The clear proposal is good sustainable supply chain programs have to encompass a holistic view involving everything from how products are designed and packaged, how they are shipped, the type of fuel used when shipped and how the product is recovered at the end of life.  You cannot have a true sustainability program without looking at at least all the attributes listed above (they are not all inclusive).

So, the next time you address this topic make sure the "all or nothing" group does not rule the conversation.  Break the problem down into small pieces and attack each one.  This is your best solution.

Monday, March 19, 2012

Penn Wells Considered Safe by EPA - Fracking Politics

The politics around fracking, the way we are getting natural gas out of the ground, has been somewhat unbearable.  Here is the first time I have read good "science" behind the argument and it looks like the politics were much ado about hype than anything.

Keep an eye on this.  Natural Gas is the way our Country will get off our addiction to foreign oil.  I fully support a strict and detailed EPA enforcement to ensure we do not fix one problem and cause another.  However, I want to also ensure we use science and not politics to solve the problem.

Tuesday, March 13, 2012

The Case for Sustainable and Ethical Supply Chains

For most of my readers it will not come as a surprise I am a bit of liberal when it comes to ownership for the sustainability of your supply chain.  It is just a fact that companies must take ownership of this and your customers, more and more, are becoming "sustainable aware" of what it takes to get them your product.  Further, they are going to punish you for not caring for the environment.

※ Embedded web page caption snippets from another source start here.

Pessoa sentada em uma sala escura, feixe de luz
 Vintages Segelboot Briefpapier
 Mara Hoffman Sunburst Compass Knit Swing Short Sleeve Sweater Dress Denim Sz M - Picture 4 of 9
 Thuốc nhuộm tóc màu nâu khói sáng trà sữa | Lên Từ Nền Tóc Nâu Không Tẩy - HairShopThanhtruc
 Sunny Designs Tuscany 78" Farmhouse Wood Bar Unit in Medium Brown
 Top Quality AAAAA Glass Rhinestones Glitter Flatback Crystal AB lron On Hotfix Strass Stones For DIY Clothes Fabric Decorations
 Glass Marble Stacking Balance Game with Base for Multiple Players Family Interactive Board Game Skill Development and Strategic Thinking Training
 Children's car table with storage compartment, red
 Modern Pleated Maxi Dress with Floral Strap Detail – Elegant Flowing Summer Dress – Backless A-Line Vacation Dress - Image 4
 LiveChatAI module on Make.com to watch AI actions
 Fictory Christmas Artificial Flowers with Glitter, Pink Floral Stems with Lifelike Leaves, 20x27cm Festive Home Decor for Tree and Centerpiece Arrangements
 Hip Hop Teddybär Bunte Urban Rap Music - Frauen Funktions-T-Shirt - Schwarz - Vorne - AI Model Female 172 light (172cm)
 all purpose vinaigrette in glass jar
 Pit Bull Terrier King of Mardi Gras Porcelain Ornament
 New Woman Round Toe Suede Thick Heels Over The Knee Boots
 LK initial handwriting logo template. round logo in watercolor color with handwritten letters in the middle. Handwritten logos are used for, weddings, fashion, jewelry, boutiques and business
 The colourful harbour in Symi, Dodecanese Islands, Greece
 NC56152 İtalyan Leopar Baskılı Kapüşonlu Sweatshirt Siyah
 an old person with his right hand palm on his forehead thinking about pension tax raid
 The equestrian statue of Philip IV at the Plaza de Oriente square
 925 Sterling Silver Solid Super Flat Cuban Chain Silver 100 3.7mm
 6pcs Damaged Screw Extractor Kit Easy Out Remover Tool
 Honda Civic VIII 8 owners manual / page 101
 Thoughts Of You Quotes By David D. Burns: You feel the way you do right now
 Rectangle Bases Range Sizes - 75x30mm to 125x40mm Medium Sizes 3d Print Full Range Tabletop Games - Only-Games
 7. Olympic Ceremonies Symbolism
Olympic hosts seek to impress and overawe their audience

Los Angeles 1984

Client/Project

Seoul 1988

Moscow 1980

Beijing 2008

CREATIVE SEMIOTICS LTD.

But, what about ethics?  This is the next area and it is more difficult as it is harder to measure.  We know slavery is wrong and we know if we see great working conditions that is good.  However, what about in between?  Does $2 per day seem unethical even though when you account for purchase power parity it may not be too bad?  This is the dangerous area and precisely why companies have to take control of their entire supply chain and ensure there is nothing which can even be perceived as being unethical or immoral in how things are made, how people are treated and how the Earth is treated.

This article in Forbes on Sustainable and Ethical Supply Chains sums it up well.  Two big examples of problems and then fixes.  Nike in the '90s had real issues with this and Apple does today.  Both moved and are moving aggressively to tray to stop the unethical behavior and both have brand names that allow them a bit of latitude.  Bottom line:  They have provided so much value to the customer that the customer will forgive a transgression as long as they actively fix it and fix it fast.

The key question for you is whether your brand is that strong?  Most are not.  Most will be dead on arrival if they are seen to be exploiting people or the environment for financial gain.

The bottom line:  Take control of your supply chain, have a good code of conduct, demand compliance and put in strict audit systems to ensure compliance is occurring.  Trust but verify is the name of the game.

Don't let your zeal to jump on the outsourcing bandwagon cause you to put your brand and your entire company's future in jeopardy.